After revisions, the textbook received a median score of ‘3’ (undecided), which was significantly higher than the before revision median score of ‘2’ (unsatisfied) in a Wilcoxan Signed Rank Test (V = 0, p = .005).

11.4.3 Ordinal Response, Categorical Explanatory

Our data

In this example, we have measured student satisfaction with their R teaching on a 5-point scale from 1 (very unsatisfied) to 5 (very satisfied). We have three conditions, students who searched their own materials (self-taught), students who received this textbook (textbook), and students who received the textbook plus tutorials (textbook plus). We want to know which students were most satisfied. For this we can use a Kruskal-Wallis test. We can use two more functions, kruskalmc from library(pgirmess) and jonckheere.test from library(clinfun) to help us interpret the data. Jonkheere-Terpstra tests are technically a different type of test, but are useful in exploring how ordered differences occur, e.g. in this case we expect that each intervention will improve student satisfaction, and that textbook-plus will be better than textbook, which itself will be better than self-taught.

library(clinfun)
library(pgirmess)

textbk <- tibble(self_taught = c(1,2,1,1,3,2,1,5,1,2,5,1,2,3,3,1,3),
                 textbook= c(1,4,2,3,3,3,2,5,2,4,5,3,3,3,4,1,3),
                 textbook_plus = c( 3, 2, 3, 3, 3, 3, 2, 4, 4, 5, 3, 4, 4, 5, 4, 5, 3)) |> 
  pivot_longer(cols = c(self_taught:textbook_plus),
               names_to = "condition",
               values_to = "score")



kruskal.test(score ~ condition, textbk)

## 
##  Kruskal-Wallis rank sum test
## 
## data:  score by condition
## Kruskal-Wallis chi-squared = 10.503, df = 2, p-value = 0.00524

kruskalmc(score ~ condition, textbk, cont = "two-tailed")

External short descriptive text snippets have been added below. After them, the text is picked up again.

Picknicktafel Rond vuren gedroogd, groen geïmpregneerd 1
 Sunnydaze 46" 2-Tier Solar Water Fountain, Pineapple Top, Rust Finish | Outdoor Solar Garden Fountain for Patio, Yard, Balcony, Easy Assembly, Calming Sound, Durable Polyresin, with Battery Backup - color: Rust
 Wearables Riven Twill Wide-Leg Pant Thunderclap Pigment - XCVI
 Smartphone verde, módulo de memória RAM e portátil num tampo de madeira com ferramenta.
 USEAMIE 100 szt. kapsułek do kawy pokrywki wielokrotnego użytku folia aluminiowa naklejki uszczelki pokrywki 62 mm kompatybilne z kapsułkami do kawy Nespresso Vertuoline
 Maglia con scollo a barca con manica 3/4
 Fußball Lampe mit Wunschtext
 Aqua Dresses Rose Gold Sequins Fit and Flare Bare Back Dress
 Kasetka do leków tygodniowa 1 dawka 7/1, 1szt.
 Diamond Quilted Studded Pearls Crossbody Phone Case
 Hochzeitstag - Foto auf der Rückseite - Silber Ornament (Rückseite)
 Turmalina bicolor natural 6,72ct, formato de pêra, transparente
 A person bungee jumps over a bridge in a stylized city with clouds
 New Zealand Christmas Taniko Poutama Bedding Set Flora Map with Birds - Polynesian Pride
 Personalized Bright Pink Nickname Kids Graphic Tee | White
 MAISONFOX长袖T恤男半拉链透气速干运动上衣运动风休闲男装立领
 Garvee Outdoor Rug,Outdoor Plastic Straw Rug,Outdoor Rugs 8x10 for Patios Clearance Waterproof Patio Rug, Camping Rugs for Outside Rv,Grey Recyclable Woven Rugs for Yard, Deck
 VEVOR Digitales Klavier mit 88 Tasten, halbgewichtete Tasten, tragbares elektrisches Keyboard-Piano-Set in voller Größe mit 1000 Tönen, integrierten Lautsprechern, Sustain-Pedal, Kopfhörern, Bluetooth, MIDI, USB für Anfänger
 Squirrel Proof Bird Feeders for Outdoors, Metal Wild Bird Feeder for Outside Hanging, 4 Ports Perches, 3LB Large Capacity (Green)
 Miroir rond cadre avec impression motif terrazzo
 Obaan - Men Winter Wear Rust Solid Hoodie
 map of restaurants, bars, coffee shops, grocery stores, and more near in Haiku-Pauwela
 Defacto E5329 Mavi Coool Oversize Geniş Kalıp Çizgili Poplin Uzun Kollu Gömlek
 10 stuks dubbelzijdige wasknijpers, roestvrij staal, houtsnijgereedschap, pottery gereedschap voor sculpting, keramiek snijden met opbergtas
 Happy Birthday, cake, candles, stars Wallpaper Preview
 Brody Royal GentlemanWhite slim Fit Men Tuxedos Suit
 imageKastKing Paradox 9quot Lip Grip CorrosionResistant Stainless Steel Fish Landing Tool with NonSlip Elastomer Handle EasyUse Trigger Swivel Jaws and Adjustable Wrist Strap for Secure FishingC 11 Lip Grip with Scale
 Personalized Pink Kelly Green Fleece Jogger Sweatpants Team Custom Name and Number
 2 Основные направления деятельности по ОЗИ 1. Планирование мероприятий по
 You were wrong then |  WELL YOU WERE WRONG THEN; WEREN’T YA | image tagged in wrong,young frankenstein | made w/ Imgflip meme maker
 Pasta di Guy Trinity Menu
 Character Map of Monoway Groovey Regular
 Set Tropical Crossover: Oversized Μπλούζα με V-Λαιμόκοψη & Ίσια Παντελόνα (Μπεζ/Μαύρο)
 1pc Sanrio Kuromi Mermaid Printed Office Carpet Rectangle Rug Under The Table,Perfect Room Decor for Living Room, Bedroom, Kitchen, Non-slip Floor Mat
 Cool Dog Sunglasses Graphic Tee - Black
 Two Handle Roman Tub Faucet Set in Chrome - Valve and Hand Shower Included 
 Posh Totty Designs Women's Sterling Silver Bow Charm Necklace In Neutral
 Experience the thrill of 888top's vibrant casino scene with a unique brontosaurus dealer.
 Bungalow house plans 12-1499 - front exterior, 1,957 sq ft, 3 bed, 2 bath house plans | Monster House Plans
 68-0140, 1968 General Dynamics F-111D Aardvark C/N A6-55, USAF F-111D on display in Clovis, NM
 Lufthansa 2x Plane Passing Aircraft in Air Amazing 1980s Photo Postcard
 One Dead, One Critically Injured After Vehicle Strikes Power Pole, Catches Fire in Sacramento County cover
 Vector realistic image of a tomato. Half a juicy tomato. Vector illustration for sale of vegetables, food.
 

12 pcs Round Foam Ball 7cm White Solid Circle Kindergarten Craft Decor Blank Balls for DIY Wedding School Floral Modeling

## Multiple comparison test after Kruskal-Wallis, treatments vs control (two-tailed) 
## alpha: 0.05 
## Comparisons
##                             obs.dif critical.dif stat.signif
## self_taught-textbook       9.705882     11.42896       FALSE
## self_taught-textbook_plus 15.882353     11.42896        TRUE

jonckheere.test(textbk$score, as.numeric(as.factor(textbk$condition))) 

## 
##  Jonckheere-Terpstra test
## 
## data:  
## JT = 616, p-value = 0.001609
## alternative hypothesis: two.sided

Student satisfaction increased significantly with intervention (H⁽²⁾ = 10.5, p* = .005), with textbook-plus showing a significant difference (p<.05) from self-taught, but no difference between self-taught and textbook (p>.05). The directionality of effect was significant in a Jonckheere-Terpstra test (T = 616, p = .002, Figure 11.2)

textbk |> 
  ggplot(aes(x = condition, y = score)) +
  geom_boxplot()+
  theme_classic() +
  scale_y_continuous(breaks = seq(1,5,1), limits = c(1,5), labels = c("Very unsatisfied", "Unsatisfied", "Not sure",
                                                                  "Satisfied", "Very satisfied")) +
  scale_x_discrete(labels = c("Self-Taught", "Textbook", "Textbook plus lecture")) +
  labs(x = "Teaching Method", y = "Score")

Figure: 11.2: Student satisfaction by teaching method

11.4.4 Ordinal Response, Numerical Explanatory (Spearman rank correlation)

Our data

When you have an ordinal response and either a numerical explanatory or an ordinal explanatory variable, a Spearman rank correlation is probably for you. A Spearman rank correlation is exactly the same as a Pearson correlation, but the data is ranked (or ordered) before the calculation is run. Spearman rank correlations are therefore often used for skewed data.

Let’s say we have 15 students who have ranked their satisfaction with the course (from 1, “Very unsatisfied” to 5, “Very satisfied”) and their grades (E, “very poor”, to A “excellent”). We think students who are very satisfied will have higher grades.

grades <- tibble(satisfaction = c(1, 5, 2, 1, 1, 5, 4, 5, 4, 5, 5, 3, 4, 3, 1),
                 grade = c(1, 4, 1,2, 1, 4, 5, 5, 5, 4, 3, 3, 2, 2,1 ))

cor.test(grades$satisfaction, grades$grade,method = "spearman")

## 
##  Spearman's rank correlation rho
## 
## data:  grades$satisfaction and grades$grade
## S = 121.25, p-value = 0.0005493
## alternative hypothesis: true rho is not equal to 0
## sample estimates:
##       rho 
## 0.7834775

Student satisfaction was strongly positively associated with grade (r_s = .78,p<.001)

11.5 I got all of them (generalised linear model)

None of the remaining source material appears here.